= WHAT YOU NEED TO DO =
What you write should be the line containing "this 1348×896 image." followed by every line after it to the end of the listing, exactly as given, and nothing more.

= INPUT FOR THIS TASK =
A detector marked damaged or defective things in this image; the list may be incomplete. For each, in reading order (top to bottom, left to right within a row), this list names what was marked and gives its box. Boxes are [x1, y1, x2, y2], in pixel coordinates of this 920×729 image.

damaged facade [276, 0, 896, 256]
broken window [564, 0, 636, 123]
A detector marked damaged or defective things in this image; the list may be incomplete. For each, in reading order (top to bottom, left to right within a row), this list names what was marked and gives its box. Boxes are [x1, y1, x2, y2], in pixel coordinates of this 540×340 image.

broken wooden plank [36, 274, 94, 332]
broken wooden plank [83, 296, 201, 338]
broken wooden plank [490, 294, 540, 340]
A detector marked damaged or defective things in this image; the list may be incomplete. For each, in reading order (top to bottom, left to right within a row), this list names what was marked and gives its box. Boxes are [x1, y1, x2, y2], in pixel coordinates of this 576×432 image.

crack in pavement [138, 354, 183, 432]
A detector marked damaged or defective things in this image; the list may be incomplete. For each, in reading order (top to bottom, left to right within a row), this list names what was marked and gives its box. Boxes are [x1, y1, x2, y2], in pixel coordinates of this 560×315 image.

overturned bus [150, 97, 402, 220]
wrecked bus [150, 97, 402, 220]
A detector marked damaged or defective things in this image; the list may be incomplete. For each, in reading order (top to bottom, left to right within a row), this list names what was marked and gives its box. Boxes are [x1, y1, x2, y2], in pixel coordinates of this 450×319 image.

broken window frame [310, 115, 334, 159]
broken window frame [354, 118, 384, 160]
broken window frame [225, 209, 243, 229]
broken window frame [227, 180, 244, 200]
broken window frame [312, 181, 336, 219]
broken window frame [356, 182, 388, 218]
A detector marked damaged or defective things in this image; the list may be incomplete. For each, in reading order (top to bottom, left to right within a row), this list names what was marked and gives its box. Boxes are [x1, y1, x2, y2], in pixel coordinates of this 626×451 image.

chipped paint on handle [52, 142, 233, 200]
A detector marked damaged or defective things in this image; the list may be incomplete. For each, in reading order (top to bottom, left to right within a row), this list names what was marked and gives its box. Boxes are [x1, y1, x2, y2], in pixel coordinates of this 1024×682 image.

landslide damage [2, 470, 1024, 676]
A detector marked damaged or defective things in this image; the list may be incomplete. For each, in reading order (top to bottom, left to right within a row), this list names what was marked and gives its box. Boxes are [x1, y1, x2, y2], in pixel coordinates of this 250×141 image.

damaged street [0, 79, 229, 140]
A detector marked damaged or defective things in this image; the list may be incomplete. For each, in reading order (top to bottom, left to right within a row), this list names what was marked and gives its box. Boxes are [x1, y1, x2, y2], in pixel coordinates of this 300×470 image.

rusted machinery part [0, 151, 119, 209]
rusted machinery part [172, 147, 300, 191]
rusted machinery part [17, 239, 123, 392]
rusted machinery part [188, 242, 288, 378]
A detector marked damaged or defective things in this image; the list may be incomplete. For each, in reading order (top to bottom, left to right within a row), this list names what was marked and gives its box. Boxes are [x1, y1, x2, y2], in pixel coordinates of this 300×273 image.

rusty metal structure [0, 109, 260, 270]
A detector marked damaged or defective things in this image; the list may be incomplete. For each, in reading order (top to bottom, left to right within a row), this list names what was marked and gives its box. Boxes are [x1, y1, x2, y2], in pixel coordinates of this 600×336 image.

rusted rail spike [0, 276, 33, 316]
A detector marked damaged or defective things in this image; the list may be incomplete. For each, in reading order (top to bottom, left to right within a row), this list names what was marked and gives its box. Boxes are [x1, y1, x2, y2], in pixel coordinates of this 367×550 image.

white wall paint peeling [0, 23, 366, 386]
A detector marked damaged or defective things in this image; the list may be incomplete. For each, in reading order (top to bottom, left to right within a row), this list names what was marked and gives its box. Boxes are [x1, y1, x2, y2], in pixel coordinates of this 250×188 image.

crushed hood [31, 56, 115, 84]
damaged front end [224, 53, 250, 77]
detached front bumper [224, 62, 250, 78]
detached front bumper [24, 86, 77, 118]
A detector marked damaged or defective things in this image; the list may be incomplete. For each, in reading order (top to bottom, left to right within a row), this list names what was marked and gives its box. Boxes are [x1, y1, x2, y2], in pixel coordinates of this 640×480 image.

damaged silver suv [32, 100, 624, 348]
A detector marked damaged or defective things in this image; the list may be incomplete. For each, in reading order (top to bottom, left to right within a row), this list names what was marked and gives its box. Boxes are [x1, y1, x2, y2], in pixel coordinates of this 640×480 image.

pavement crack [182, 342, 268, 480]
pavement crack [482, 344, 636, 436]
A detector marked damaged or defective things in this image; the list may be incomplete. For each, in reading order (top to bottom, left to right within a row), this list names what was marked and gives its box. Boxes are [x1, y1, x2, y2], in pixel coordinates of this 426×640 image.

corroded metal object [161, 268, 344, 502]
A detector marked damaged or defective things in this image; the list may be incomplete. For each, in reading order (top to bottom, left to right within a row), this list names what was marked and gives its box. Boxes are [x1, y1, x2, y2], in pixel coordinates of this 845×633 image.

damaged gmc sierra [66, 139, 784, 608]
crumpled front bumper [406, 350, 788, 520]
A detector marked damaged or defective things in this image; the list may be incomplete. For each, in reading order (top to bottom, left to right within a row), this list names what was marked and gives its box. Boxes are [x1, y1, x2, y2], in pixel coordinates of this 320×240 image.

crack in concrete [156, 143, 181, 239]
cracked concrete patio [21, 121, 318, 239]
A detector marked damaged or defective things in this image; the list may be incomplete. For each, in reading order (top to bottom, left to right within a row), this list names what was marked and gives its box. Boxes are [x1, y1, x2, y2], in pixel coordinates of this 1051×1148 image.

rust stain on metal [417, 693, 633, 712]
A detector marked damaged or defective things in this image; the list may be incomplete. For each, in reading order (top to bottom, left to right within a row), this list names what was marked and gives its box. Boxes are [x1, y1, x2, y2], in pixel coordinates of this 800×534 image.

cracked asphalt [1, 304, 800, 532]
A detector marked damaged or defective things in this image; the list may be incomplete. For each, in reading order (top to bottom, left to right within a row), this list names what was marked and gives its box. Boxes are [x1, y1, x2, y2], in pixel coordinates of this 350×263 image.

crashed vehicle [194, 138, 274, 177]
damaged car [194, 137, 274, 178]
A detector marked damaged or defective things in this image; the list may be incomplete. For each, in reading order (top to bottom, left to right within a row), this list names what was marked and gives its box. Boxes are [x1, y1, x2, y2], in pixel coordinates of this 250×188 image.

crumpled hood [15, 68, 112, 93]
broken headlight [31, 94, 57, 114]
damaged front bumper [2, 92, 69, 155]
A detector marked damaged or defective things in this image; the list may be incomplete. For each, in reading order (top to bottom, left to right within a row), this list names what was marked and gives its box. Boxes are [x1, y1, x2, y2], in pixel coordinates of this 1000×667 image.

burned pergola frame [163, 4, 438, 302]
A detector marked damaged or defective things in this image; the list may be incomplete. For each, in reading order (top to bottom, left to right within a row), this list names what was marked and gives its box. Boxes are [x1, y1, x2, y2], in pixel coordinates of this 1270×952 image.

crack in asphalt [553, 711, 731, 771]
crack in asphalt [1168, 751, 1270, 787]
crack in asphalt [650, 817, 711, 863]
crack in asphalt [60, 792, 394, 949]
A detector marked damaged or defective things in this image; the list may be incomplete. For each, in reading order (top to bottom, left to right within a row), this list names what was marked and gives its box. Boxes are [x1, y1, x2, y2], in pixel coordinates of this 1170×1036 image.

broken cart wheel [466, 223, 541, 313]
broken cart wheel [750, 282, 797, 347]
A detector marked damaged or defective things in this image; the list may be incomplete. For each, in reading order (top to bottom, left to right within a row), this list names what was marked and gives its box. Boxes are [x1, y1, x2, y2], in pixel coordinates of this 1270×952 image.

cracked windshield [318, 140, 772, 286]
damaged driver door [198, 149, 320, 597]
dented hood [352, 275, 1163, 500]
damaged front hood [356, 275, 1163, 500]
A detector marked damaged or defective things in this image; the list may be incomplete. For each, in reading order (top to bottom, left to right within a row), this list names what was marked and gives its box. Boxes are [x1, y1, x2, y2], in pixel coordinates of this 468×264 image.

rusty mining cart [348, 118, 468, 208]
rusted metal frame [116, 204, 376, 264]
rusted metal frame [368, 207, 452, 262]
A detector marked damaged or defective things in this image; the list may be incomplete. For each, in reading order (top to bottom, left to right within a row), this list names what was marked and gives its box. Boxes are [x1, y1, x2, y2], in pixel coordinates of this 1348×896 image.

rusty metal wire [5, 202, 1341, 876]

= SOLUTION FOR THIS TASK =
A detector marked damaged or defective things in this image; the list may be incomplete. For each, in reading order (top to bottom, left to right within a row), this list names what was marked and gives its box. Boxes are [x1, y1, x2, y2], in pixel coordinates of this 1348×896 image.

rusty metal wire [5, 202, 1341, 876]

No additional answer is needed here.